*Supplied entries*:
-- Opening Marker --

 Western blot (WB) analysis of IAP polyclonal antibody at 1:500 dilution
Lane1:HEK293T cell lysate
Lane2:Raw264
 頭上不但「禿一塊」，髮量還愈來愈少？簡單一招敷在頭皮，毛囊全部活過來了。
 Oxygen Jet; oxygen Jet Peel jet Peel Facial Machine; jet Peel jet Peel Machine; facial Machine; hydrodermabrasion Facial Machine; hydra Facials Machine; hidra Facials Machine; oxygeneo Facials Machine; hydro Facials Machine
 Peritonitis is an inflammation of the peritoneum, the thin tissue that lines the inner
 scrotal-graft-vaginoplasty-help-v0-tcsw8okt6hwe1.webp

-- Closing Marker --
-- Opening Marker --

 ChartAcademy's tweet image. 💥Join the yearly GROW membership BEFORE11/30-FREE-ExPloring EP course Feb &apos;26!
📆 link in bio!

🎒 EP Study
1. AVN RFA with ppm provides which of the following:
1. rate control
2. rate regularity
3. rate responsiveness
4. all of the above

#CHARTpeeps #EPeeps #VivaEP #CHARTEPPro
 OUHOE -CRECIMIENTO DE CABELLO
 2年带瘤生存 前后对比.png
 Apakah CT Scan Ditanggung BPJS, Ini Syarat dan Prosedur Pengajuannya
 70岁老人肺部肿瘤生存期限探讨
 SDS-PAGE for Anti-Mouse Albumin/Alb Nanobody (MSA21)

-- Closing Marker --
-- Opening Marker --

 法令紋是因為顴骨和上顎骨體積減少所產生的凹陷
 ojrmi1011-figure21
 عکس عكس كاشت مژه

-- Closing Marker --

*What you should do*: Look for the word "rate" in the listing above and state how many lines have it; give the number and nothing else.

*Task result*: 3